Hirschberg comes from a family with a long history in the pet category. Years ago, his grandfather operated a company that took leather scraps and converted them into rawhide for dogs. His grandmother made cat toys by hand. The family developed a knowledge for the pet category, which has been handed down from generation to generation. Mark’s oldest son, Brett, has recently joined the company.

Hirschberg adds that the company uses a number of avenues to draw consumer attention, from its humorous, catchy advertisements in trade publications to getting products placed on reality shows, movies and even pre-Super Bowl programming. In fact, he says that the company may have turned the corner after a Multipet item was featured as one of Oprah Winfrey’s favorite dog toys on her show. “That really did a lot for our company and our products. Now, people recognize our products and they know our name,” he says. “That leads to a level of trust between our team and the consumer and, again, leads to more sales.”

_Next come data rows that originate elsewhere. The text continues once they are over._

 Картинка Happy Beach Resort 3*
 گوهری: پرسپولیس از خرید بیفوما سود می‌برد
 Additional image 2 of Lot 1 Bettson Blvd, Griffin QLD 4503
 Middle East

Hirschberg and Leslie Yellin, the company’s executive vice president, emphasize, that the service offered by the Multipet team is as important, if not more important, than the products themselves. “Our job is to serve all the retailers in our world and that totals more than 3,000 customers and 50,000 doors,” says Yellin, who has been with the company since 1999. “We work with all retailers from the largest to the smallest. But we take a special interest in the small retailers because that is where we got our start.”

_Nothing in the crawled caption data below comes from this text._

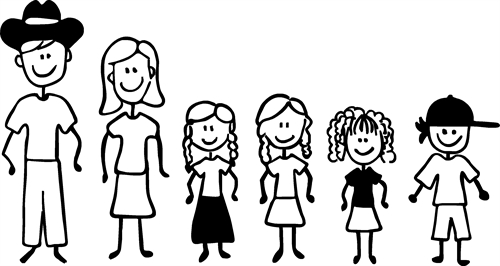 StickPeople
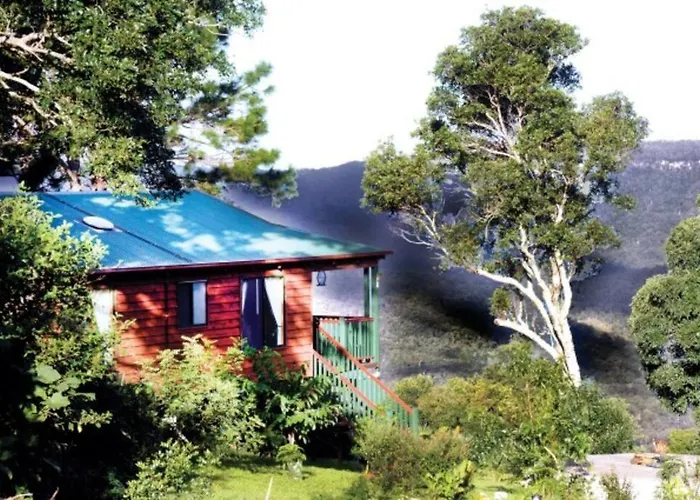 Clouds Chalet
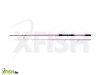 Wizard Pink Spin Medium Perget Bot 240 cm 30-60 g 2 Rszes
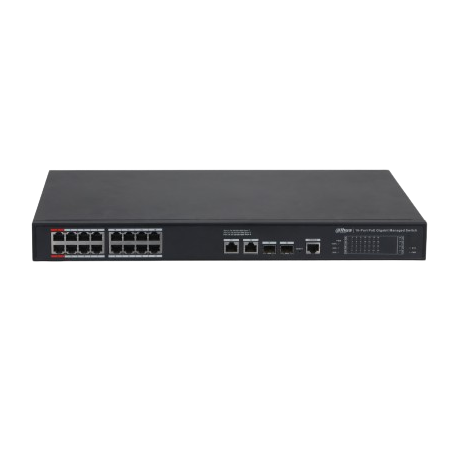 DAHUA S4220-16GT-240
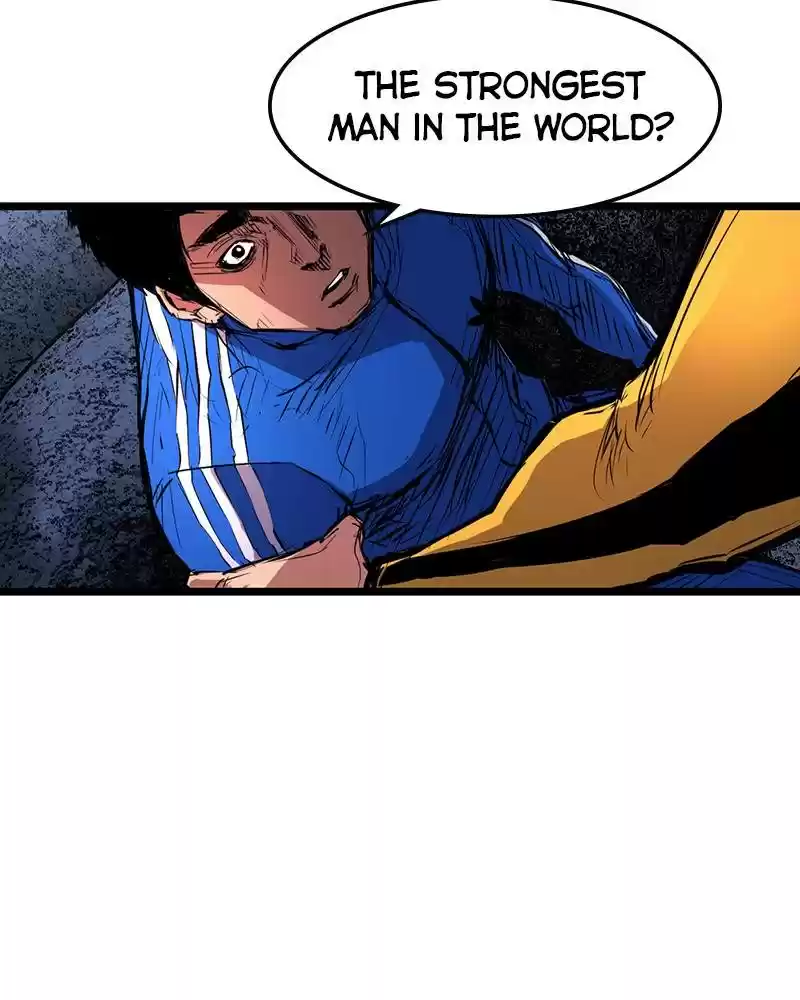 Hallym Gymnasium Chapter 9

Hirschberg stresses that the Multipet team is trained to help retailers and distributors with its product assortment as well as creating customized product displays. “In our eyes, it is not about the product, it is about the company behind it and we stand behind our merchandise and our merchandise programs,” he adds.

Turning out new items in a hurry is part of that strategy. Being privately owned allows the company to move quickly on customer demands and needs. “If a retailer needs something from us in a hurry, we can get it done,” says Yellin. “We eat, sleep and drink what we do. It is not just selling the product, it is how can we be better at helping our retail partners over the long term.”

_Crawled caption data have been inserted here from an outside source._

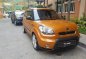 Well-maintained Kia Soul 2010 for sale-0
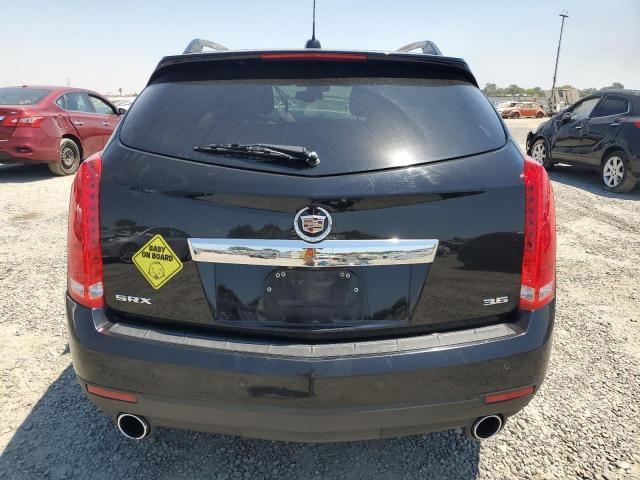 Photo 5 VIN: 3GYFNBE37GS515018 - CADILLAC SRX LUXURY 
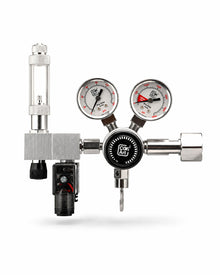 Neue Pro-Elite Series V2 - Der fortschrittlichste zweistufige CO2-Druckminderer fürs Aquarium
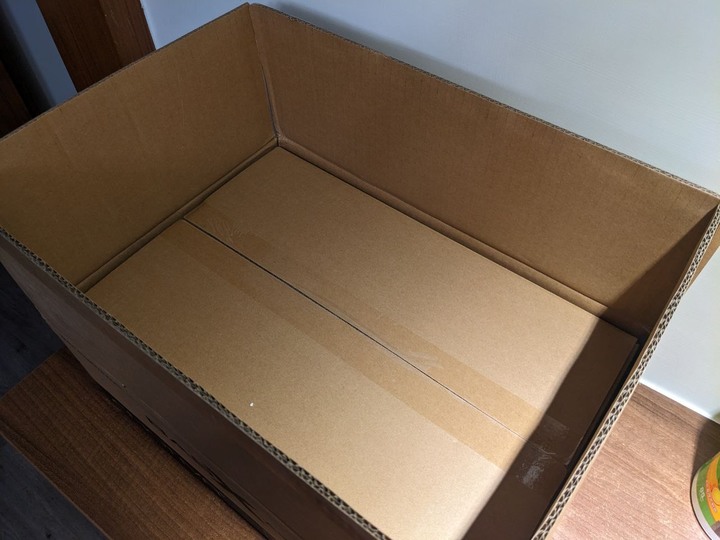 Emotiva BasX A2m 擴大機開箱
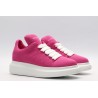 AMQ OVERSIZED SNEAKER Rose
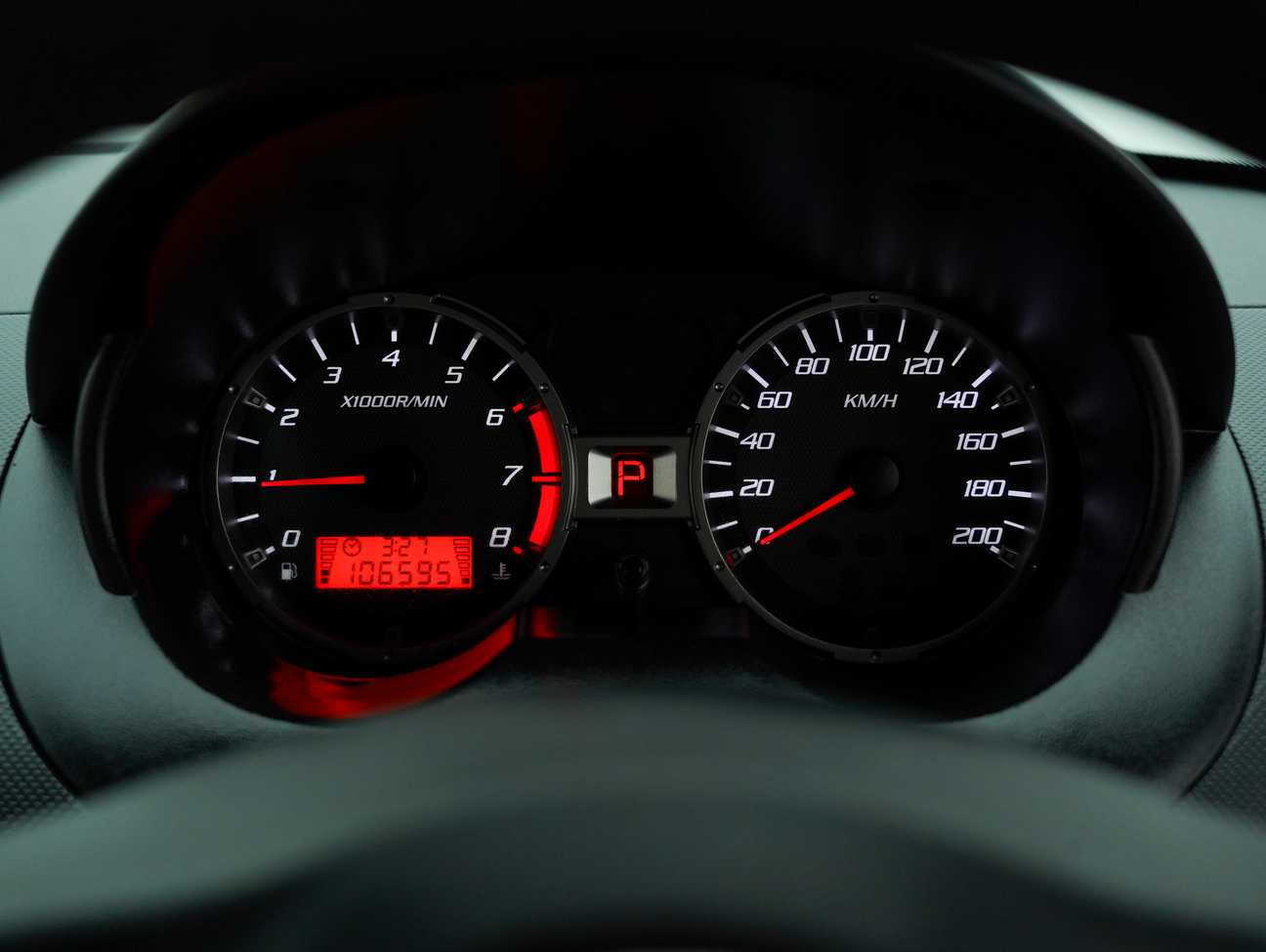 used 2013 Proton Saga SV 1.3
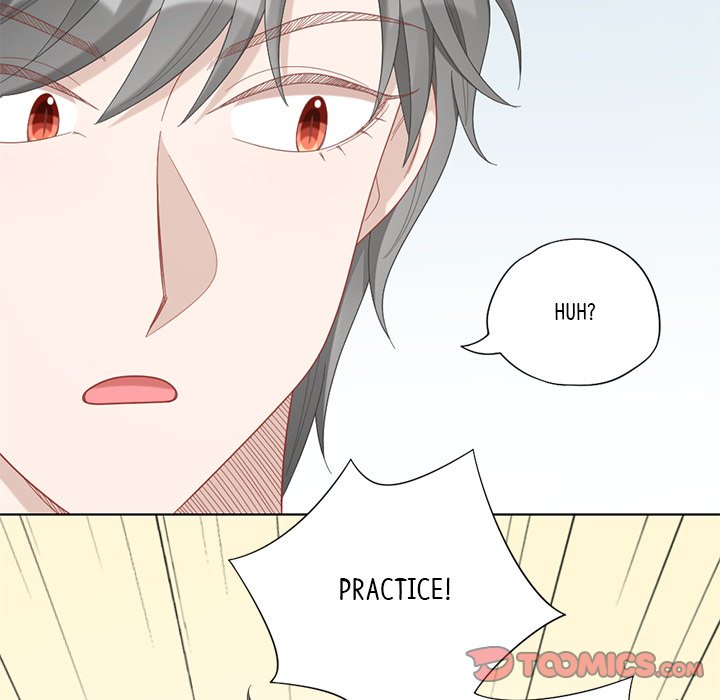 My New Pet Cat My New Pet Cat EP 71 - Toomics page 58 - 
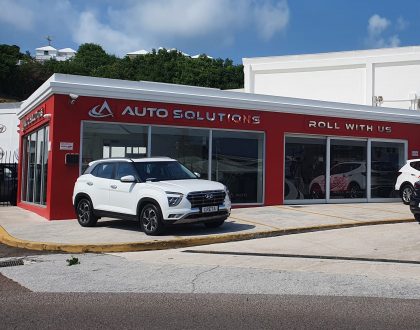 Auto Solutions Upgrade CCTV at St. John’s Road with Arkiv Video Management Software 2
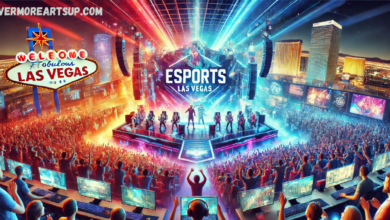 esports emberslasvegas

Uniqueness is another key factor. “Licensing is a very big part of our strategy,” says Yellin. “It sets us apart from the competition and allows us to click with our key consumer demographics. Tying in with such characters as Lambchop and Mr. Bill gives us a level of nostalgia that is appealing to the pet parent.”

As with any license, keeping things fresh is vital. Multipet has just signed on with DreamWorks to offer the cartoon characters Mr. Peabody & Sherman, who will be featured in a new movie out on March 7, on its pet products.

Pricing is another factor at play. A majority of Multipet products retail for under $10, a strategy intended to make it harder for consumers to eschew the toy when shopping for their family needs, particularly during tough economic times. “We do our research,” Hirschberg says.

Yellin, who spends a lot of time in the field working with retailers, takes it a step further. “We have our finger on the pulse of this industry and we know that we have to offer the right items at the right price,” she says. “Consumers want more interactive toys and our retail buyers tell us that they also want more innovation and toys that offer multiple features.”

In the end, Hirschberg is confident that the current strategy will move Multipet forward. “We think we have tied it all together into a comprehensive team of professionals who produce quality products at great price points,” he says. “Consumers seem to recognize our brand and also recognize our quality. Retailers seem to like working with us and realize the benefits of our company. We even have very strong relationships with our factories, which we think is critical to the success of the company.

“Retailers want us to be their experts in the pet category,” he adds. “That is a great compliment to us, but also creates a very big responsibility for Multipet.”